PEM ENCODED CERTIFICATE/KEY
An unencrypted PEM encoded certificate/key may be supplied by using:
- --client-cert <path>
- --client-key <path>
The file passed to --client-cert
must contain the client certificate, and an optional chain required to authenticate
the client certificate.
The file passed to --client-key
must contain at most one private key, the key can be in one of the following formats:
-
PKCS#1
-
PKCS#8
-
EC
Currently, only the following key types are supported:
-
RSA
-
ECDSA
-
ED25519
PEM ENCODED CERTIFICATE/PEM OR DER ENCRYPTED PKCS#8 KEY
An encrypted PKCS#8 formatted key may be provided using:
-
--client-cert <path>
-
--client-key <path>
-
--client-key-password <password>
The file passed to --client-cert
must contain the client certificate, and an optional chain required to authenticate
the client certificate.
Currently, only the following key types are supported:
-
RSA
-
ECDSA
-
ED25519
ENCRYPTED PKCS#12 CERTIFICATE/KEY
An encrypted PKCS#12 certificate/key may be provided using:
-
--client-cert <path>
-
--client-cert-password <password>
The file passed to --client-cert
must contain the client certificate and exactly one private key. It may also contain
the chain required to authenticate the client certificate.
Currently, only the following key types are supported:
-
RSA
-
ECDSA
-
ED25519
RBAC
When performing a backup/restore with a user which is using RBAC, there are a couple of things that should be taken into consideration each of which is highlighted in this section.
Bucket Level
Bucket level data may be backed up/restored using the data_backup
(Data
Backup & Restore) role.
The data_backup
role does not have access to cluster level data such as:
-
Analytics Synonyms
-
Eventing Metadata
-
FTS Aliases
Backing up/restoring cluster level data with the data_backup
role will cause
permission errors like the one below.
Error backing up cluster: {"message":"Forbidden.
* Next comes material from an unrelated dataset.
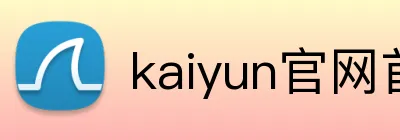 kaiyun官网首页 Logo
User needs one of the following permissions","permissions":["cluster.fts!read"]}
When presented with an error message such as the one above, there’s two clear options.
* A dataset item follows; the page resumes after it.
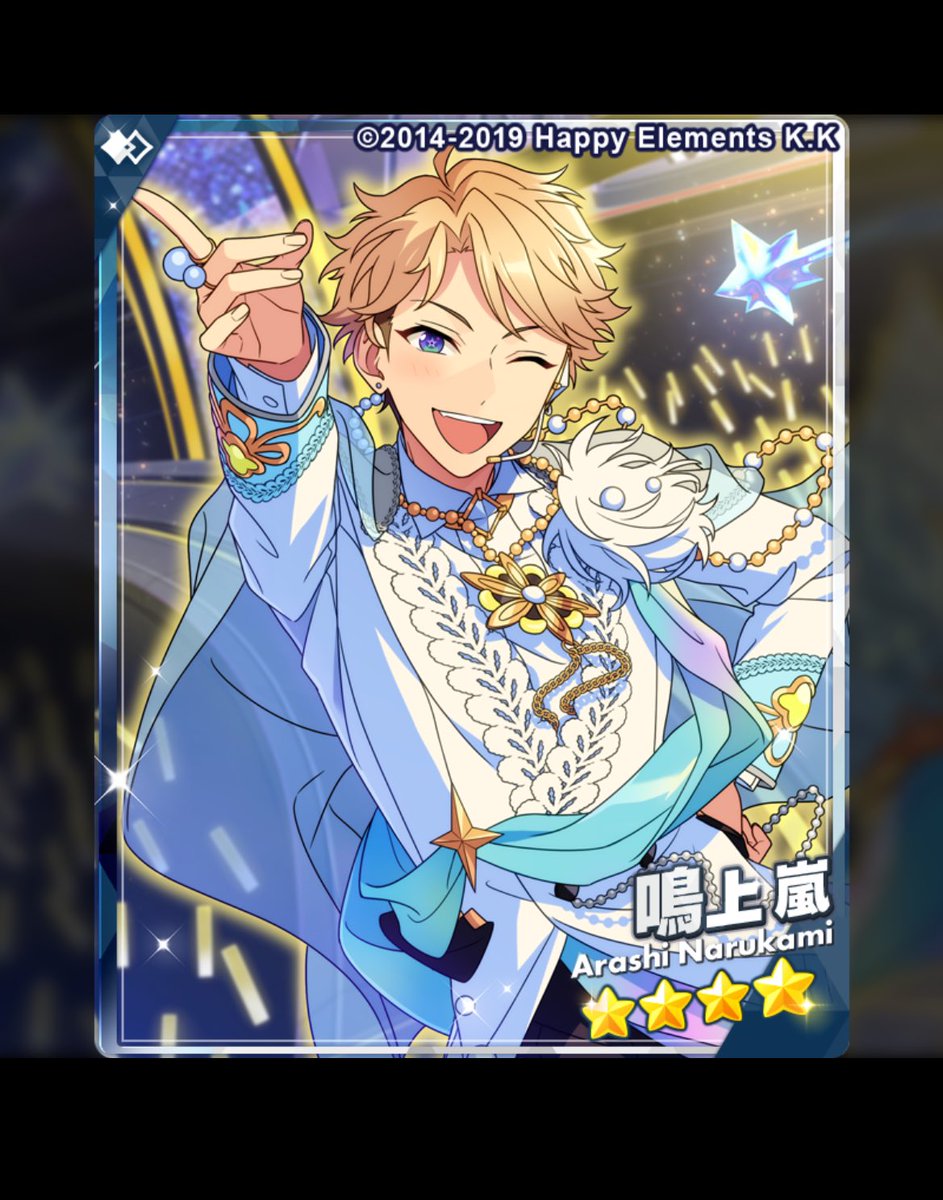 星4嵐ちゃんいる〜‼️カワイイ💖🪽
The first option is to provide the user with the required credentials using
either the cli, REST API or Couchbase Server WebUI. This can be done by editing
the user and adding the required role. See Cluster Level
for more information
about the required roles.
Secondly, backing up/restoring the specific service can be disabled. For
backups this must be done when configuring the repository with the config
command using the --disable
style flags. For restore, these flags may be used
directly to disable one or more services. See the backup/restore documentation
for more information.
Cluster Level
Backing up/restoring cluster level data requires additional RBAC roles, each of which is highlighted below:
- Analytics Synonyms
-
analytics_admin
(Analytics Admin) - Eventing Metadata
-
eventing_admin
(Eventing Full Admin) - FTS Aliases
-
fts_admin
(Search Admin)
These additional roles are required since this is cluster level data which may encompass multiple buckets.
Supported Backup Versions
The restore
sub-command currently supports restoring backups created by
previous versions of cbbackupmgr
above and including 6.5.0. Versions before
6.5.0 used the ForestDB
storage format which is no longer supported.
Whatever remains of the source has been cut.